Segment Open

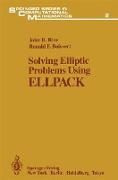 Solving Elliptic Problems Using Ellpack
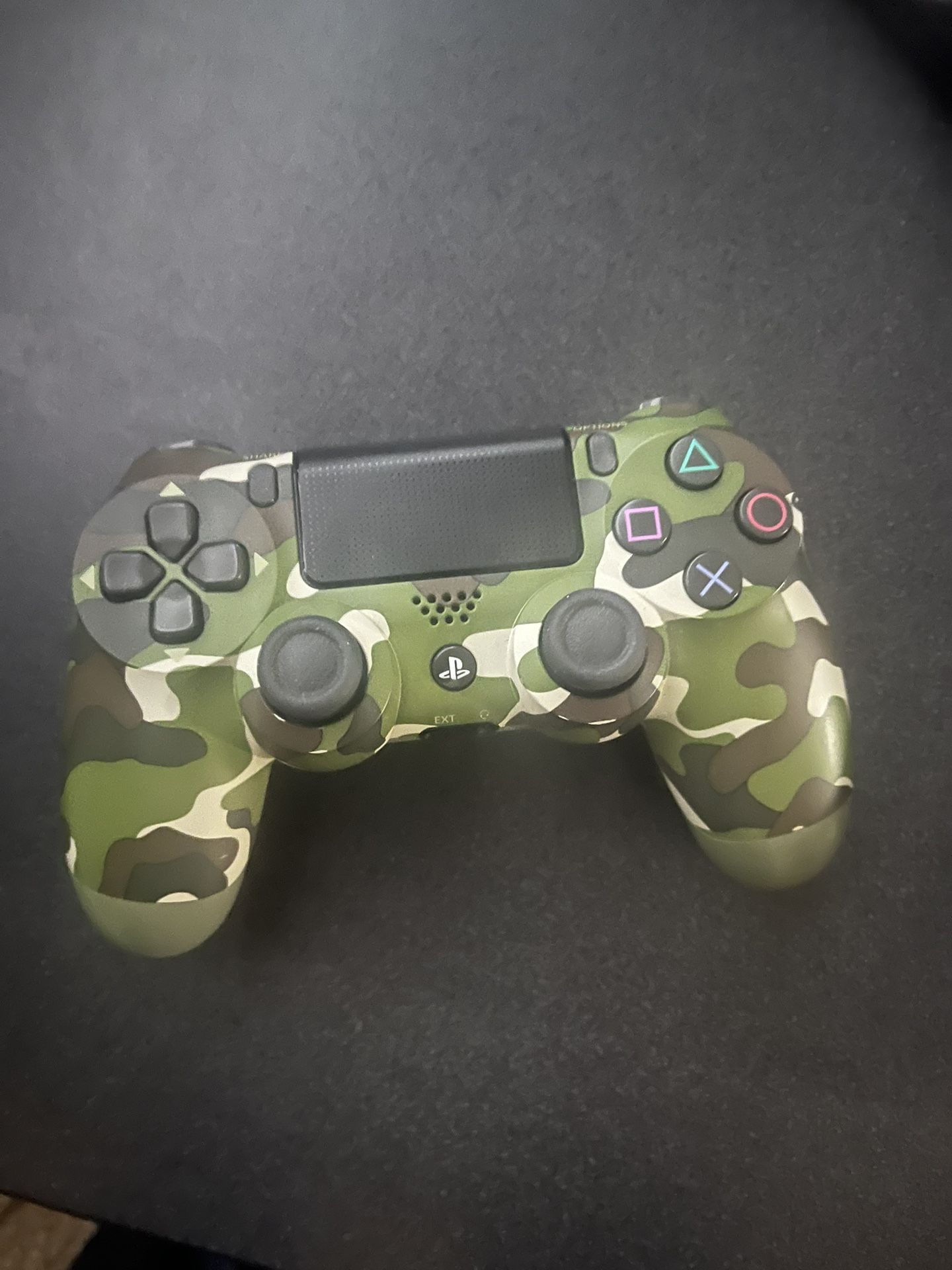 PS4 Controller (Camouflage )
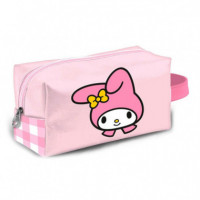 Neceser My Melody Hello Kitty  KARACTER MANIA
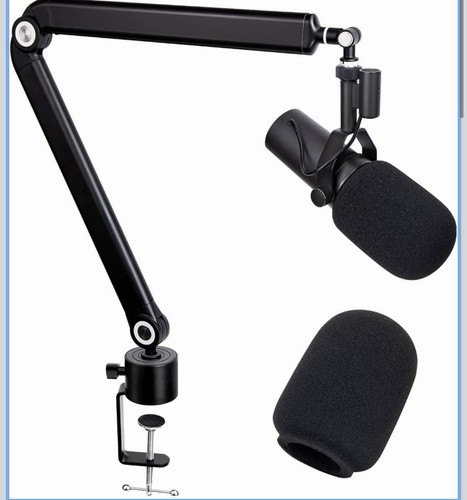 Sunmon shure sm7b braccio - sunmon,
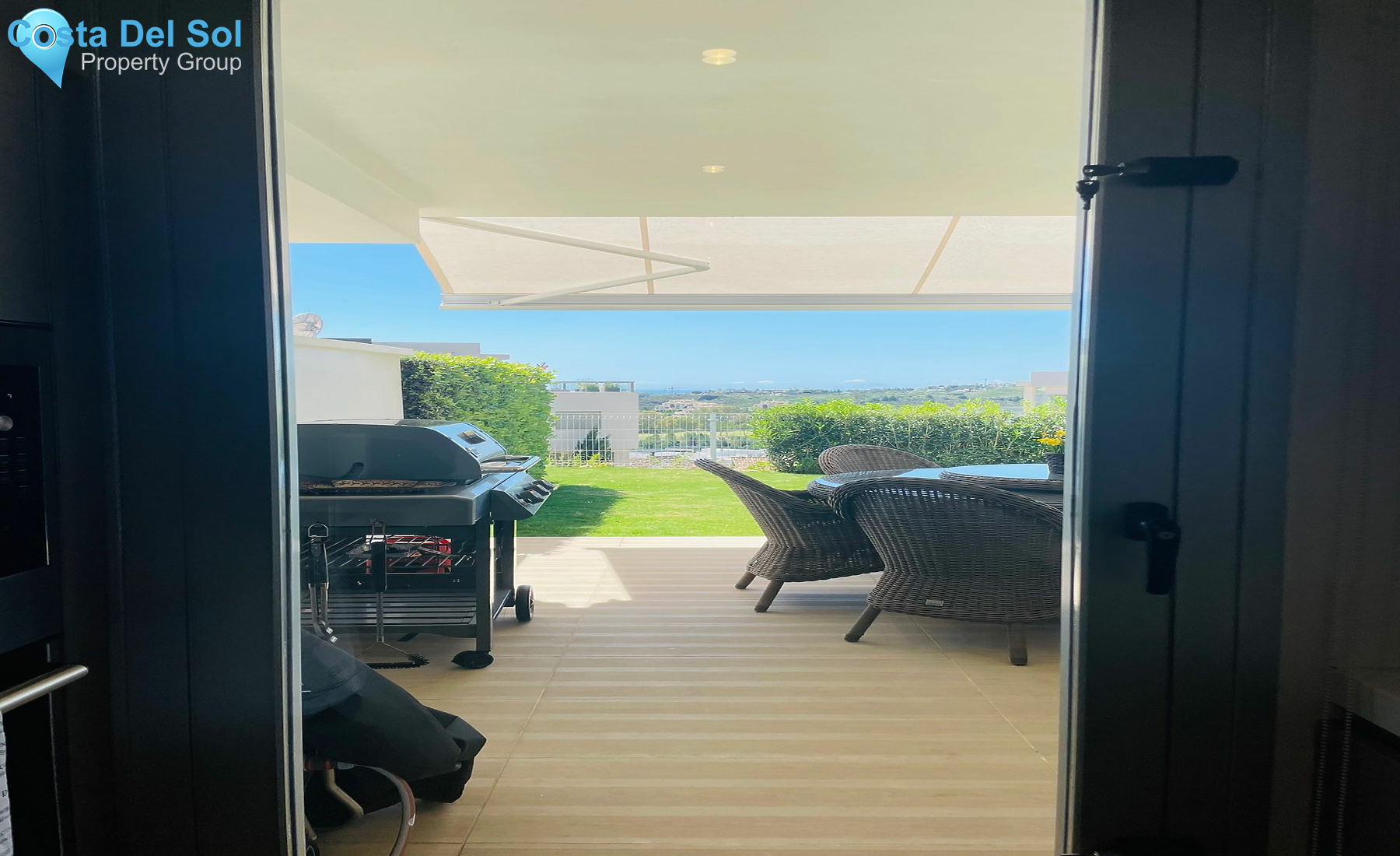 Ground Floor Apartment in Benahavís-1152251
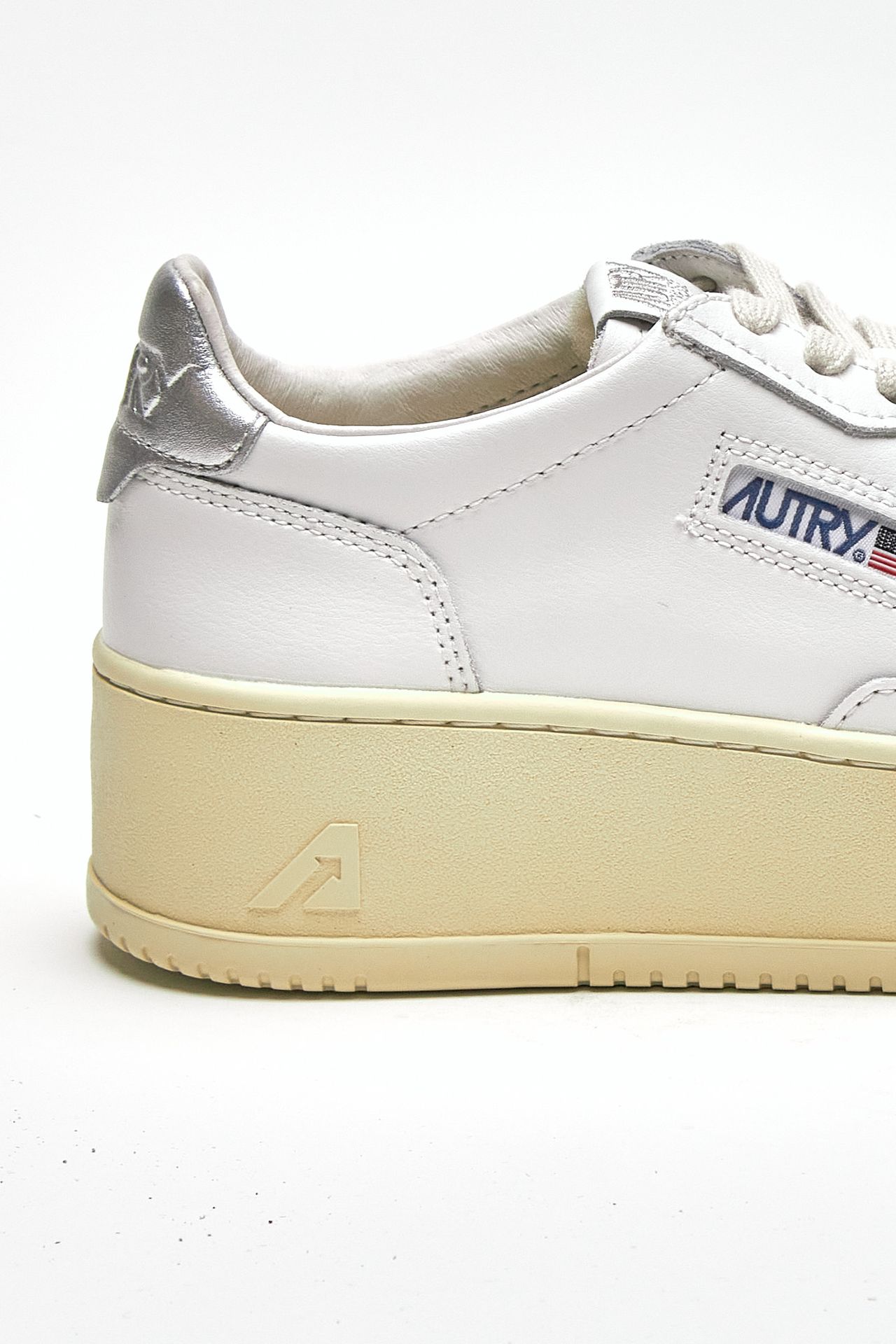 sneakers medalist platform-ptlw-ll05 in pelle women Autry - 7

Segment Closed

- WORK TASK
All lines from the one containing "Sunmon shure sm7b" to the last line of the records above, both included, need to be repeated word for word; omit the pictures.

- REPLY TO THE EXERCISE
 Sunmon shure sm7b braccio - sunmon,
 Ground Floor Apartment in Benahavís-1152251
 sneakers medalist platform-ptlw-ll05 in pelle women Autry - 7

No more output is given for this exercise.